Would you write out the whole listing below exactly as given?

Supplied data:
=== Section Start ===
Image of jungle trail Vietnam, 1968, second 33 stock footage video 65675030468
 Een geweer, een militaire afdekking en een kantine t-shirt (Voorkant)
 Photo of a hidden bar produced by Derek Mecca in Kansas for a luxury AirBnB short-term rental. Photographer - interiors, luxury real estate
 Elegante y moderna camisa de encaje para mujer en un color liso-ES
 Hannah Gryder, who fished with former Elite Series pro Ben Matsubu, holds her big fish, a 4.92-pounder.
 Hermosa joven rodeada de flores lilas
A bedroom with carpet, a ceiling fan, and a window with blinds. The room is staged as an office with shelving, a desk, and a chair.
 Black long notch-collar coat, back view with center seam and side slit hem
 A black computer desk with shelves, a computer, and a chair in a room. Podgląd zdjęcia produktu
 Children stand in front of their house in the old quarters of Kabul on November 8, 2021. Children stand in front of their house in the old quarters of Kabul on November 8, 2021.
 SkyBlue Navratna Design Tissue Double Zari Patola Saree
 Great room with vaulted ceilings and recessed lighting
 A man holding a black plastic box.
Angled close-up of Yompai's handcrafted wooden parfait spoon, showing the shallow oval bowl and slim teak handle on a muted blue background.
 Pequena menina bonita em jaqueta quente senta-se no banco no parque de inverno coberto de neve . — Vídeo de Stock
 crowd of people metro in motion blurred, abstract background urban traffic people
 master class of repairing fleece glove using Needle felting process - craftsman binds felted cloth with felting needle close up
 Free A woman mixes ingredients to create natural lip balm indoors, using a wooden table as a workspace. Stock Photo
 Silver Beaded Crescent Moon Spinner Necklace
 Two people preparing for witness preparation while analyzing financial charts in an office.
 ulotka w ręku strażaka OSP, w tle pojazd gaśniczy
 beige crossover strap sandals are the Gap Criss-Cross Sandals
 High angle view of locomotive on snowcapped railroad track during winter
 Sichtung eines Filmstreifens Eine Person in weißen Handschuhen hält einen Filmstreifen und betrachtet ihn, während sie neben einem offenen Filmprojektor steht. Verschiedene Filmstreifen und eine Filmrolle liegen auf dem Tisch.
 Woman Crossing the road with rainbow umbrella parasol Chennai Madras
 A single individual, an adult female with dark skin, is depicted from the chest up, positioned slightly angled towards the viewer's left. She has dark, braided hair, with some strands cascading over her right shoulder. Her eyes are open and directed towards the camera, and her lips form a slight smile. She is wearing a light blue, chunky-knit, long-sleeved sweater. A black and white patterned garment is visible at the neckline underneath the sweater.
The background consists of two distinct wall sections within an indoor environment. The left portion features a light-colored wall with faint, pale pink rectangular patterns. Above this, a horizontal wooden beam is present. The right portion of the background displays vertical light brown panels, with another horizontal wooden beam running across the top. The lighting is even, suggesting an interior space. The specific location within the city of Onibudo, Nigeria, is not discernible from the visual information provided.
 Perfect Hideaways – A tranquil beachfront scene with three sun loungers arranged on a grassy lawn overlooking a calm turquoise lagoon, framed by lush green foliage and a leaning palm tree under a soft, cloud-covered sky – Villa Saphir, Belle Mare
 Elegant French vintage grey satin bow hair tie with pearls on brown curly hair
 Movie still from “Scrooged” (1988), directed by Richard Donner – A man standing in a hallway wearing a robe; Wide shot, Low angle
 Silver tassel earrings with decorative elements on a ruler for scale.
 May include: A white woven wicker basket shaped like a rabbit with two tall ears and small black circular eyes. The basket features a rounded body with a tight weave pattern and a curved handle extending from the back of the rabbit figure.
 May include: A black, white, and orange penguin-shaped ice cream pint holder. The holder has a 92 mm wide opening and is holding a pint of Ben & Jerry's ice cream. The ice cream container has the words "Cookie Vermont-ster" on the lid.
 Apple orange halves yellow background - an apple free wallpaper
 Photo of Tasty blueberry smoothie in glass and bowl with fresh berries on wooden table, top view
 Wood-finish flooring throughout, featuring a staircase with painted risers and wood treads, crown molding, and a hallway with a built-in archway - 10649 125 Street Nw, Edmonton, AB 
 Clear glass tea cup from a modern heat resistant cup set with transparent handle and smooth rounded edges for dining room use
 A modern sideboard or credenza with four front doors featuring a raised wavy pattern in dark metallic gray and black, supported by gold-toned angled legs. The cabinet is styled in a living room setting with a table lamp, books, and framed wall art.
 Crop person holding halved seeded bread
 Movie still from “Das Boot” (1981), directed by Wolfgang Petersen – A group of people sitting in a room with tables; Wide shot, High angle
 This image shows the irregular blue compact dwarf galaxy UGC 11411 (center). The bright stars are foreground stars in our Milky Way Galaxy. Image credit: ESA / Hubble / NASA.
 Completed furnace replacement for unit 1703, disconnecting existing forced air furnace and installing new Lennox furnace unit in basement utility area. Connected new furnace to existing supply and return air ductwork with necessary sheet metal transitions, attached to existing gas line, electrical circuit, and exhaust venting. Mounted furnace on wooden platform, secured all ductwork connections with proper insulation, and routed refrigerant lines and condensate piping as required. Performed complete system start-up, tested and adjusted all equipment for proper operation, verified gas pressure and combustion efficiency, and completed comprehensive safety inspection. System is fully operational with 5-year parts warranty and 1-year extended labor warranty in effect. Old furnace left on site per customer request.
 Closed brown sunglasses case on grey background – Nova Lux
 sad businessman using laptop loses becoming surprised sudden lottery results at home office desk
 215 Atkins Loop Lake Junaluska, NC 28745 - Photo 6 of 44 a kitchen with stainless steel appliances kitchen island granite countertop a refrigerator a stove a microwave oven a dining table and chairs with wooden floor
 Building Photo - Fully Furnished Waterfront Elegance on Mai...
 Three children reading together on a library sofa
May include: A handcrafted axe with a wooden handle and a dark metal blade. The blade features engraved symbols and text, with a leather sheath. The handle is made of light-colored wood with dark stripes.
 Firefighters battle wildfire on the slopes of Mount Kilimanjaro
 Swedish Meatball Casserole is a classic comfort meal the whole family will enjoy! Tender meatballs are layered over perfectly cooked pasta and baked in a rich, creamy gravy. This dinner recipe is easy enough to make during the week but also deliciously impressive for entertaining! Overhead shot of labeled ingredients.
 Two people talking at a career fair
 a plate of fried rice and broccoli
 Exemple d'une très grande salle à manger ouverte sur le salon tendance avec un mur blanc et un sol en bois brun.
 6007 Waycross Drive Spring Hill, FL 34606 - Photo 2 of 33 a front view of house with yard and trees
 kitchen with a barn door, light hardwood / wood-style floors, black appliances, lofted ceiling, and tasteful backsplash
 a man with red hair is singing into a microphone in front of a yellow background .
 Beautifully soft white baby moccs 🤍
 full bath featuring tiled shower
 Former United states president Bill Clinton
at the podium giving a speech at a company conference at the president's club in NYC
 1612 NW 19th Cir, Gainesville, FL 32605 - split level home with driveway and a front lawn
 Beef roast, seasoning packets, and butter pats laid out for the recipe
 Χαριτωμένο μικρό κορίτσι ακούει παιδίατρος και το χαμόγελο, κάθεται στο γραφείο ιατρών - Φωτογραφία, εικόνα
=== Section End ===
Response to the task:
Image of jungle trail Vietnam, 1968, second 33 stock footage video 65675030468
 Een geweer, een militaire afdekking en een kantine t-shirt (Voorkant)
 Photo of a hidden bar produced by Derek Mecca in Kansas for a luxury AirBnB short-term rental. Photographer - interiors, luxury real estate
 Elegante y moderna camisa de encaje para mujer en un color liso-ES
 Hannah Gryder, who fished with former Elite Series pro Ben Matsubu, holds her big fish, a 4.92-pounder.
 Hermosa joven rodeada de flores lilas
A bedroom with carpet, a ceiling fan, and a window with blinds. The room is staged as an office with shelving, a desk, and a chair.
 Black long notch-collar coat, back view with center seam and side slit hem
 A black computer desk with shelves, a computer, and a chair in a room. Podgląd zdjęcia produktu
 Children stand in front of their house in the old quarters of Kabul on November 8, 2021. Children stand in front of their house in the old quarters of Kabul on November 8, 2021.
 SkyBlue Navratna Design Tissue Double Zari Patola Saree
 Great room with vaulted ceilings and recessed lighting
 A man holding a black plastic box.
Angled close-up of Yompai's handcrafted wooden parfait spoon, showing the shallow oval bowl and slim teak handle on a muted blue background.
 Pequena menina bonita em jaqueta quente senta-se no banco no parque de inverno coberto de neve . — Vídeo de Stock
 crowd of people metro in motion blurred, abstract background urban traffic people
 master class of repairing fleece glove using Needle felting process - craftsman binds felted cloth with felting needle close up
 Free A woman mixes ingredients to create natural lip balm indoors, using a wooden table as a workspace. Stock Photo
 Silver Beaded Crescent Moon Spinner Necklace
 Two people preparing for witness preparation while analyzing financial charts in an office.
 ulotka w ręku strażaka OSP, w tle pojazd gaśniczy
 beige crossover strap sandals are the Gap Criss-Cross Sandals
 High angle view of locomotive on snowcapped railroad track during winter
 Sichtung eines Filmstreifens Eine Person in weißen Handschuhen hält einen Filmstreifen und betrachtet ihn, während sie neben einem offenen Filmprojektor steht. Verschiedene Filmstreifen und eine Filmrolle liegen auf dem Tisch.
 Woman Crossing the road with rainbow umbrella parasol Chennai Madras
 A single individual, an adult female with dark skin, is depicted from the chest up, positioned slightly angled towards the viewer's left. She has dark, braided hair, with some strands cascading over her right shoulder. Her eyes are open and directed towards the camera, and her lips form a slight smile. She is wearing a light blue, chunky-knit, long-sleeved sweater. A black and white patterned garment is visible at the neckline underneath the sweater.
The background consists of two distinct wall sections within an indoor environment. The left portion features a light-colored wall with faint, pale pink rectangular patterns. Above this, a horizontal wooden beam is present. The right portion of the background displays vertical light brown panels, with another horizontal wooden beam running across the top. The lighting is even, suggesting an interior space. The specific location within the city of Onibudo, Nigeria, is not discernible from the visual information provided.
 Perfect Hideaways – A tranquil beachfront scene with three sun loungers arranged on a grassy lawn overlooking a calm turquoise lagoon, framed by lush green foliage and a leaning palm tree under a soft, cloud-covered sky – Villa Saphir, Belle Mare
 Elegant French vintage grey satin bow hair tie with pearls on brown curly hair
 Movie still from “Scrooged” (1988), directed by Richard Donner – A man standing in a hallway wearing a robe; Wide shot, Low angle
 Silver tassel earrings with decorative elements on a ruler for scale.
 May include: A white woven wicker basket shaped like a rabbit with two tall ears and small black circular eyes. The basket features a rounded body with a tight weave pattern and a curved handle extending from the back of the rabbit figure.
 May include: A black, white, and orange penguin-shaped ice cream pint holder. The holder has a 92 mm wide opening and is holding a pint of Ben & Jerry's ice cream. The ice cream container has the words "Cookie Vermont-ster" on the lid.
 Apple orange halves yellow background - an apple free wallpaper
 Photo of Tasty blueberry smoothie in glass and bowl with fresh berries on wooden table, top view
 Wood-finish flooring throughout, featuring a staircase with painted risers and wood treads, crown molding, and a hallway with a built-in archway - 10649 125 Street Nw, Edmonton, AB 
 Clear glass tea cup from a modern heat resistant cup set with transparent handle and smooth rounded edges for dining room use
 A modern sideboard or credenza with four front doors featuring a raised wavy pattern in dark metallic gray and black, supported by gold-toned angled legs. The cabinet is styled in a living room setting with a table lamp, books, and framed wall art.
 Crop person holding halved seeded bread
 Movie still from “Das Boot” (1981), directed by Wolfgang Petersen – A group of people sitting in a room with tables; Wide shot, High angle
 This image shows the irregular blue compact dwarf galaxy UGC 11411 (center). The bright stars are foreground stars in our Milky Way Galaxy. Image credit: ESA / Hubble / NASA.
 Completed furnace replacement for unit 1703, disconnecting existing forced air furnace and installing new Lennox furnace unit in basement utility area. Connected new furnace to existing supply and return air ductwork with necessary sheet metal transitions, attached to existing gas line, electrical circuit, and exhaust venting. Mounted furnace on wooden platform, secured all ductwork connections with proper insulation, and routed refrigerant lines and condensate piping as required. Performed complete system start-up, tested and adjusted all equipment for proper operation, verified gas pressure and combustion efficiency, and completed comprehensive safety inspection. System is fully operational with 5-year parts warranty and 1-year extended labor warranty in effect. Old furnace left on site per customer request.
 Closed brown sunglasses case on grey background – Nova Lux
 sad businessman using laptop loses becoming surprised sudden lottery results at home office desk
 215 Atkins Loop Lake Junaluska, NC 28745 - Photo 6 of 44 a kitchen with stainless steel appliances kitchen island granite countertop a refrigerator a stove a microwave oven a dining table and chairs with wooden floor
 Building Photo - Fully Furnished Waterfront Elegance on Mai...
 Three children reading together on a library sofa
May include: A handcrafted axe with a wooden handle and a dark metal blade. The blade features engraved symbols and text, with a leather sheath. The handle is made of light-colored wood with dark stripes.
 Firefighters battle wildfire on the slopes of Mount Kilimanjaro
 Swedish Meatball Casserole is a classic comfort meal the whole family will enjoy! Tender meatballs are layered over perfectly cooked pasta and baked in a rich, creamy gravy. This dinner recipe is easy enough to make during the week but also deliciously impressive for entertaining! Overhead shot of labeled ingredients.
 Two people talking at a career fair
 a plate of fried rice and broccoli
 Exemple d'une très grande salle à manger ouverte sur le salon tendance avec un mur blanc et un sol en bois brun.
 6007 Waycross Drive Spring Hill, FL 34606 - Photo 2 of 33 a front view of house with yard and trees
 kitchen with a barn door, light hardwood / wood-style floors, black appliances, lofted ceiling, and tasteful backsplash
 a man with red hair is singing into a microphone in front of a yellow background .
 Beautifully soft white baby moccs 🤍
 full bath featuring tiled shower
 Former United states president Bill Clinton
at the podium giving a speech at a company conference at the president's club in NYC
 1612 NW 19th Cir, Gainesville, FL 32605 - split level home with driveway and a front lawn
 Beef roast, seasoning packets, and butter pats laid out for the recipe
 Χαριτωμένο μικρό κορίτσι ακούει παιδίατρος και το χαμόγελο, κάθεται στο γραφείο ιατρών - Φωτογραφία, εικόνα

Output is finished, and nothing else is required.